(Provided entries)

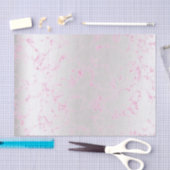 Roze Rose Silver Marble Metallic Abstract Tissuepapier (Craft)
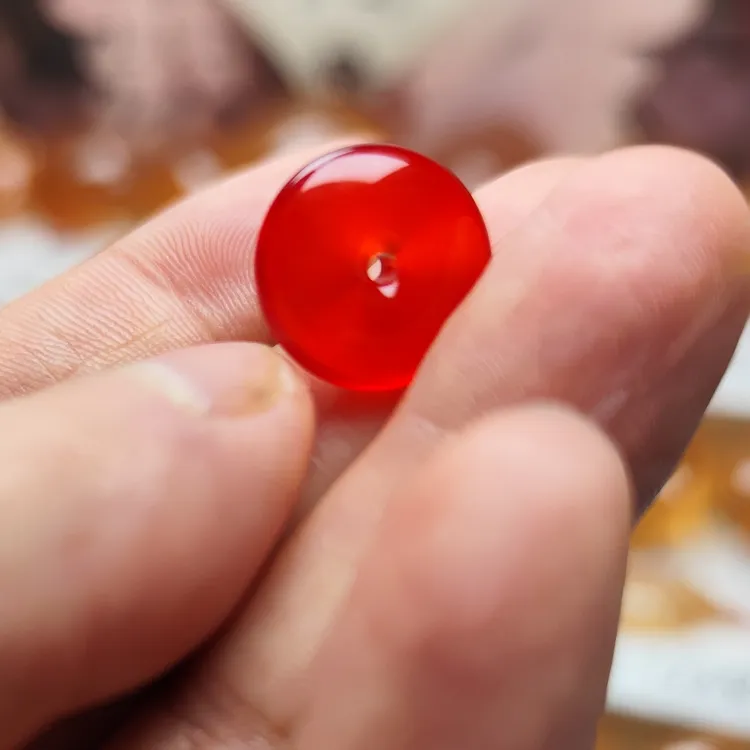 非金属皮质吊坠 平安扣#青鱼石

(End Provided entries)
(Provided entries)

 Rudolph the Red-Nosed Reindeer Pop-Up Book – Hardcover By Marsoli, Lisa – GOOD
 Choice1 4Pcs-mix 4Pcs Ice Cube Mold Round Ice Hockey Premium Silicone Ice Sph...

(End Provided entries)
(Provided entries)

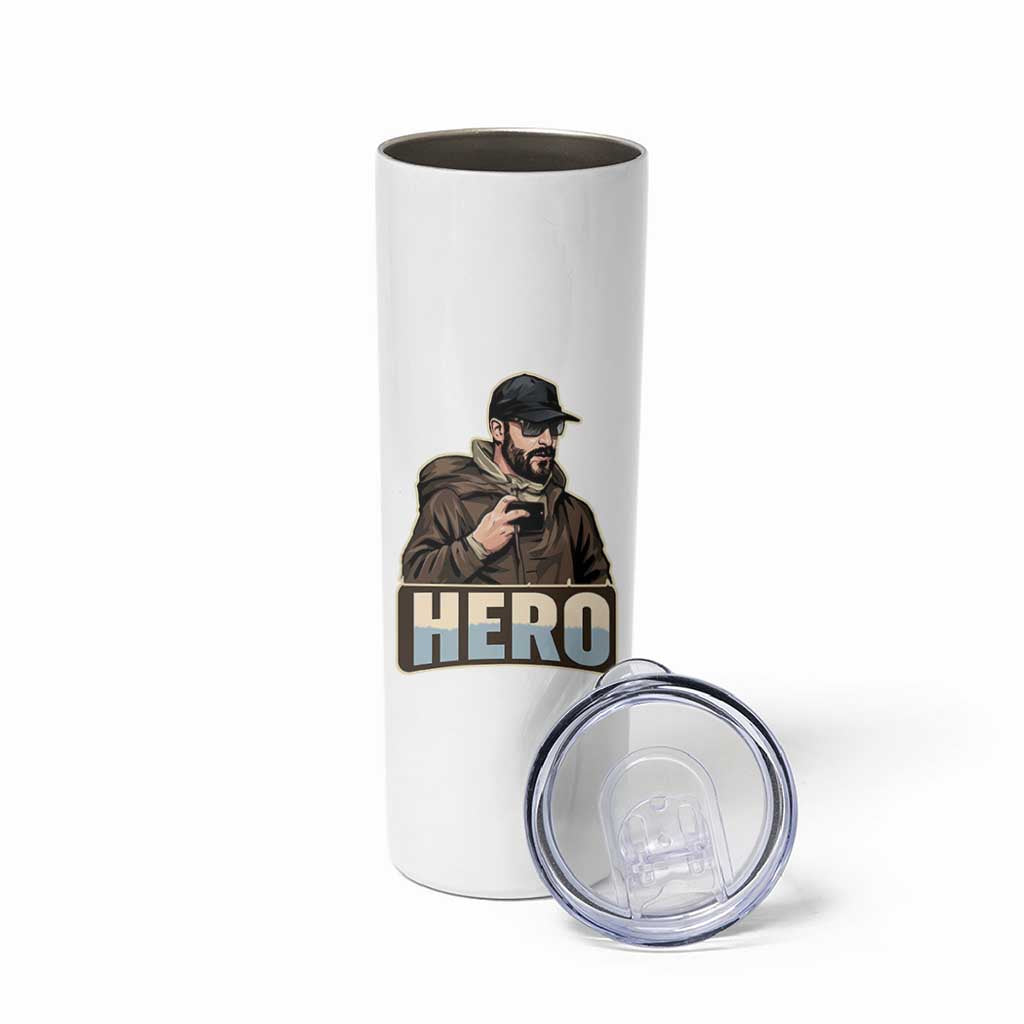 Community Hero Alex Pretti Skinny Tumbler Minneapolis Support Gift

(End Provided entries)

Aim of the exercise: Give again the stretch of lines above from the one with "Roze Rose Silver" through the one with "非金属皮质吊坠 平安扣#青鱼石", both ends kept, and copy no pictures.

Written solution:
 Roze Rose Silver Marble Metallic Abstract Tissuepapier (Craft)
 非金属皮质吊坠 平安扣#青鱼石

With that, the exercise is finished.